Phase-out of wind production tax credit could help secure its extension
Amid the lame-duck rush to conclude the 112th Congress, the proposed extension of the 10-year wind energy production tax credit, or PTC, is one of the two big energy issues President Obama has to juggle as he prepares for his second term and tries to keep the U.S. economy from falling off the ‘fiscal cliff’.
The mounting layoffs by wind developers in the Midwest and Rocky Mountain states demonstrate how integral wind has become to those regions’ economies. And yet clean energy advocates are struggling to persuade enough lawmakers of its job-sustaining and -creating potential.
With a coalition of governors now turning up the heat on Congress and the President, there is a possible compromise which makes a lot of sense to writers here at The Energy Fix: extend it now for four years and phase it out new 10-year-credits after 2016.
2016 is the same year the solar investment tax credit is due to expire. That would be a clean way to frame, and conclude, these enormously helpful tax breaks. It would provide much-deserved certainly to wind project developers and remove the threat that the PTC will go away before a project can start generating electricity.
It would also communicate to wind developers that after 2016 there would be no more new help from the U.S. tax code. (The PTC can last 10 years provided a wind ‘farm’ continues generating electricity.) A handful of wind developers, advocates and analysts I know are comfortable with that. That said, they’re unsure whether Congress will grasp the fiscal logic of the extend-but-phase-out approach.
The wind industry has been haunted continuously by the possible expiration of the PTC. Since Congress first created it in 1992, it has expired three times: in 1999, 2001 and 2003.
Equipped with the PTC, the wind industry has driven over $15 billion of private investments into the U.S. economy in each of the past five years, and has grown the U.S. manufacturing sector to include nearly 500 wind-related facilities, according to American Wind Energy Association (AWEA) Vice President Peter Kelley.

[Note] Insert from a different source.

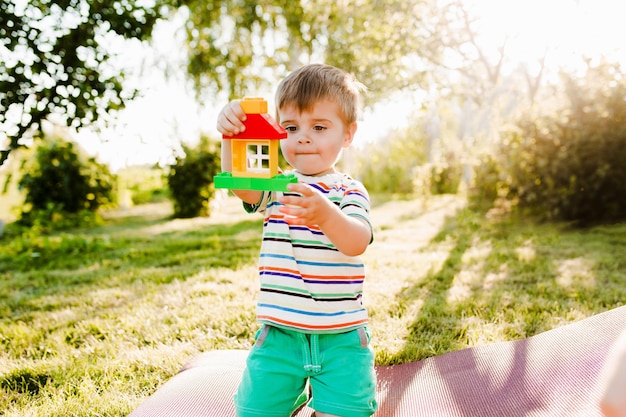 Niño lindo que sostiene una casa de juguete en el jardín y parece pensativo.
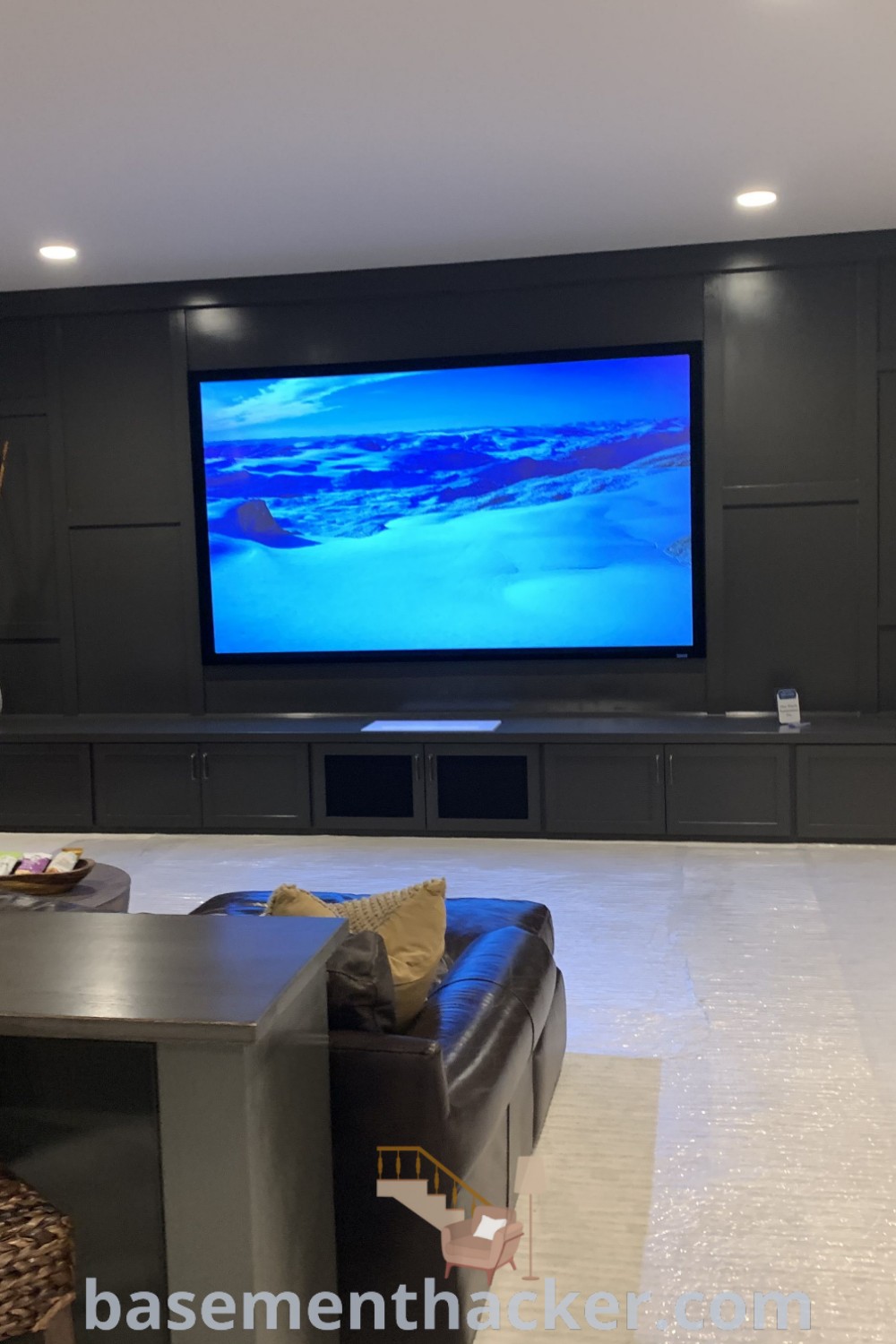 A living room in a basement filled with furniture and a flat-screen TV mounted on the wall, showcasing stylish decor and innovative basement makeover ideas for a cozy and organized home. Explore more family-friendly basement living room ideas at basementhacker.com.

Across the U.S., wind companies have already seen over 3,000 layoffs announced publicly so far, citing the pending expiration of the PTC. Navigant Consulting, in a study paid for by AWEA, anticipates that 37,000 wind industry jobs will be lost by early 2013 if Congress does not act promptly to extend the PTC.
Each of the three biggest companies building wind farms in the U.S. or making turbines and/or turbine parts, has announced or is poised to lay off several hundred workers:
- Vestas’ manufacturing workforce in Colorado has decreased from more than 1,700 to about 1,200 people at four factories, which includes attrition, relocations and reductions,” according to a company statement.

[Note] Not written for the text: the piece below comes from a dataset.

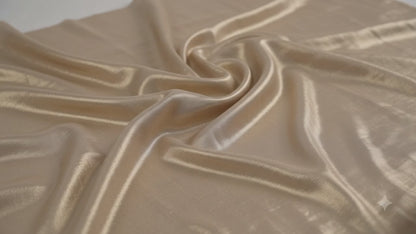 Champagne Gold heavily infused with a golden undertone.
Metallic Shimmer Fabric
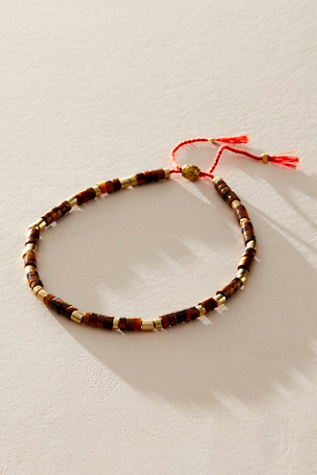 Sun Moon Rain Anklet at Free People in Tigers Eye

- Siemens said it will reduce its US wind energy workforce by about 38%, citing adverse market conditions caused mostly by federal policy uncertainties but also by price competition from natural gas and sluggish growth in electricity demand.
- GE’s wind turbine production is an integral part of its Ecomagination strategy, which generated $21 billion in revenues in 2011. GE Energy, which includes wind energy, has more than 100,000 employees in 100 countries.

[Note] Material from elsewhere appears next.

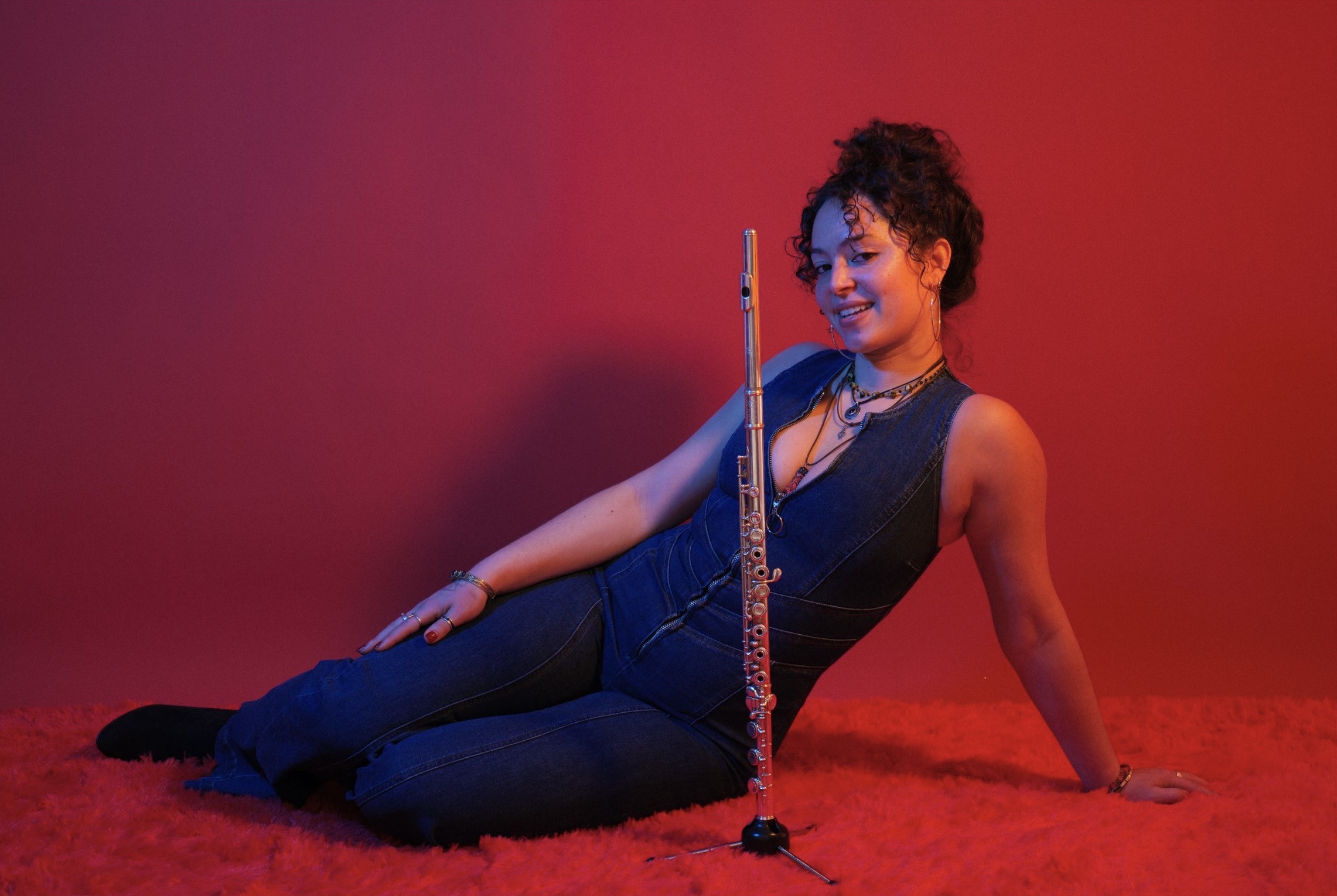 Rabiah Kabir seated with her flute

Kansas Gov. Sam Brownback, a Republican, said the rush to build projects before the end this year led to 1,400 MW of new construction inducing $3 billion in private investment. “All of those numbers go to virtually zero next year. We have virtually no new wind operations next year,” he said during a conference call earlier this week and reported by RenewablesBiz Daily’s Bill Opalka.
In a letter to Congressional leadership Tuesday, Iowa Governor Terry Branstad and Oregon Governor John Kitzhaber urged Congressional leadership “…to take swift action to extend the PTC before the end of this congressional session.” Branstad, a Republican, is chairman of the Governors’ Wind Coalition. Kitzhaber, a Democrat is the vice chairman.
Oh, and the other big decision Obama needs to make: whether to approve the controversial Keystone XL oil pipeline. I could see an all-of-the-above strategy approving both the PTC and Keystone XL. We’ll see.